By NBA.com staff reports
Posted Feb 17 2009 9:10PM
OKLAHOMA CITY (AP) -- All-Star point guard Chris Paul could knife his way into the lane, lob the ball up in the air and, almost without fail, Tyson Chandler would be there to slam it down with two hands.
It was the signature move of New Orleans' thrilling young inside-outside tandem, with the two teaming up for more than 100 alley-oops last season during the Hornets' surprising run to the No. 2 seed in the Western Conference and a spot in the conference semifinals.
Now, the Hornets will have to find a new crowd-pleasing calling card.
Chandler was dealt to the Oklahoma City Thunder on Tuesday in a trade that brings veterans Joe Smith and Chris Wilcox to the Hornets and could give New Orleans some cap room next season heading into the first year of Paul's new four-year, $68 million contract. Chandler is due to make about $12 million next season.
|Read the official release from Hornets.com about Tuesday's trade between the New Orleans Hornets and Oklahoma City Thunder. Read Full Article|
"I think it frustrates you to a certain extent. As a coach, you want to win no matter what. That's the bottom line. Your job kind of depends on that obviously," Hornets coach Byron Scott said before the team's game at Oklahoma City on Tuesday night.
"Deals that are made that are money-driven are always tough from a coach's standpoint. I don't think this was so much money-driven. I think obviously there's a lot of owners in this league that don't want to pay luxury tax and things like that. But I do think we got two guys in Chris and Joe that are very, very good quality basketball players."
New Orleans also got the rights to DeVon Hardin, a second-round pick out of California in last year's draft who never signed with Oklahoma City.
General manager Jeff Bower said the Hornets' primary reason for making the trade was that the team wasn't running the floor enough and needed better defensive rebounding to set up transition baskets. Chandler was New Orleans' top rebounder and particularly strong on offensive rebounding, easily leading the team with 112 despite missing 18 games.
"There's no question with this transaction we accomplished some other objectives as well and were able to put ourselves in a position to have greater flexibility down the road and to be in a situation where we have flexibility financially, but it was driven first by the decision that we need to get better, we need to improve. And then it takes you down to, how do you do it and what are your objectives?" Bower said.
Chandler's numbers had dropped off even before he missed the Hornets' last 12 games with a sprained left ankle. He's averaging 8.8 points and 8.3 rebounds this season, after going for 11.8 points and 11.8 rebounds per game last season.

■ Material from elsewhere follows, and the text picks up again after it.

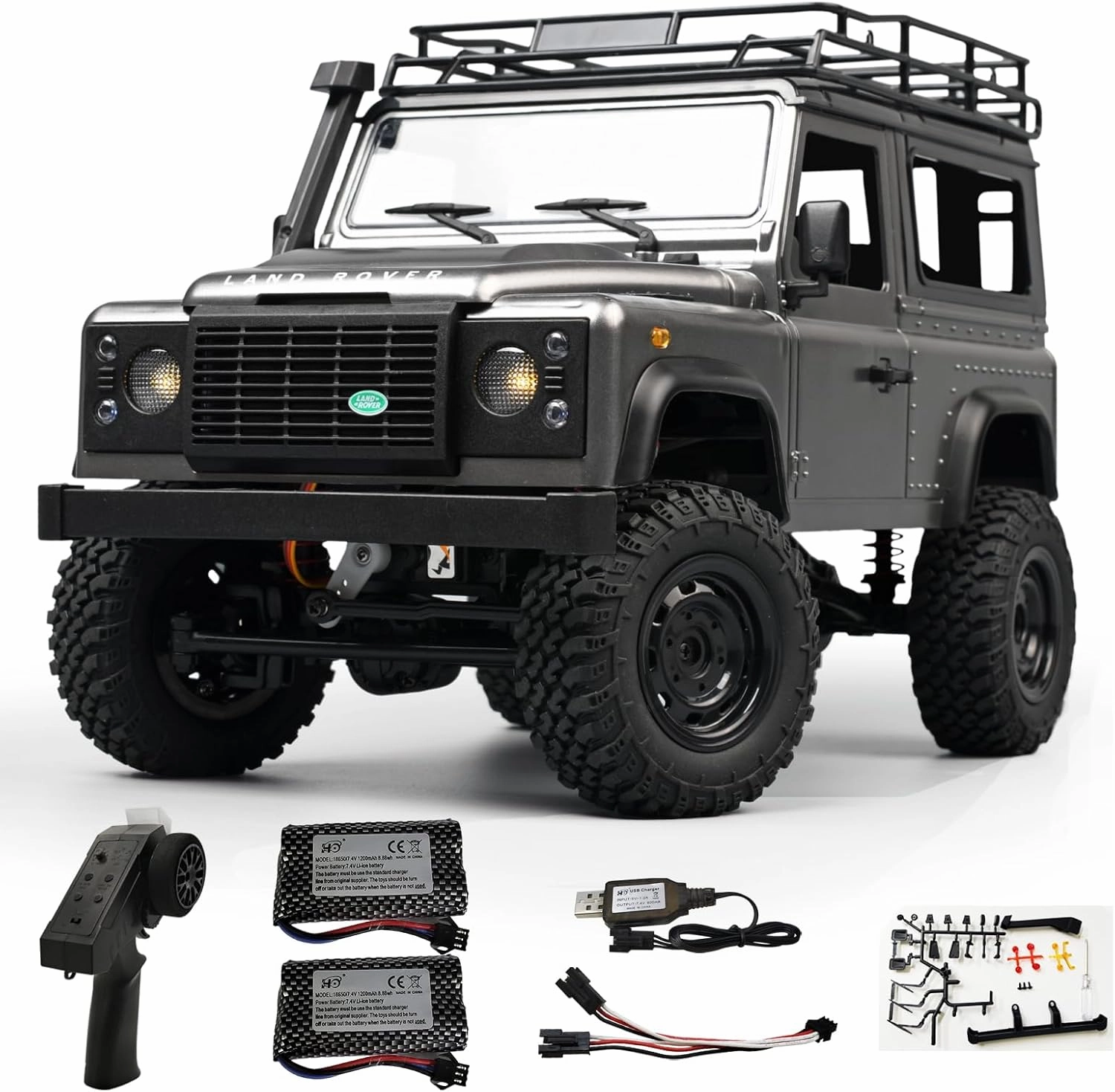 Skymaker 2024 New MN99S 1:12 RC Jeep Off-Road RC Car 4x4 2.4G Full Proportion 4WD Climbing Car RC Crawler with Lights Pickup Truck with Two 1200mAh Batteries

Still, it could be a tough move for Hornets fans to swallow since Chandler was a true starting center and 2008 Olympic alternate while Wilcox and Smith are more natural power forwards who were struggling to find playing time on a team that's been searching for a franchise center for years.

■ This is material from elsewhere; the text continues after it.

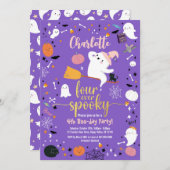 Vier ooit Spooky Girl 4th Birthday Halloween Party (Voorkant / Achterkant)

Guard Rasual Butler had a hard time fathoming why the Hornets, who came into Tuesday in sixth place in the West, made the deal.
"It's a little bit of a shock to me. Tyson was a great teammate, a great asset to our team," Butler said. "This is nothing against Wilcox or Joe Smith, but we'll definitely miss Tyson."
Wilcox's averages of 8.4 points and 5.3 rebounds fell off, along with his playing time, since the Thunder signed restricted free agent Nenad Krstic on Dec. 30. He had a season-high 23 points on New Year's Eve, before Krstic got into the rotation, but saw his time on the court fall off to practically nothing within a week. He played in only one of Oklahoma City's last five games.
Smith, the No. 1 pick in the 1995 draft, has been fighting through injury issues of his own. A balky left knee kept him out of the Thunder's lineup for nearly a month before he returned to play in four of the last five games before the All-Star break. He has averaged 6.6 points and 4.5 rebounds in 36 games.
None of the players were at the Ford Center on Tuesday night, and neither team provided a timetable for when they might be ready to play with their new teams.
Chandler, who played one season in Oklahoma City during the Hornets' temporary relocation after Hurricane Katrina, brings the franchise a proven talent inside after it tried for years to draft and develop a front-line center. The former Seattle SuperSonics used first-round picks on Robert Swift, Mouhamed Sene and Johan Petro in recent years and have another 7-footer developing overseas in last year's 20th overall pick, Serge Ibaka.
"It's never easy to find big guys, for sure," Thunder general manager Sam Presti said.
Oklahoma City has been stockpiling draft picks to supplement a young core that includes Rookie of the Year Kevin Durant, Jeff Green and Russell Westbrook.
"I think this move is a strong statement from our ownership group as to their commitment to put an elite basketball operation together, and we're grateful that we have that kind of support from the people that are in charge," Presti said.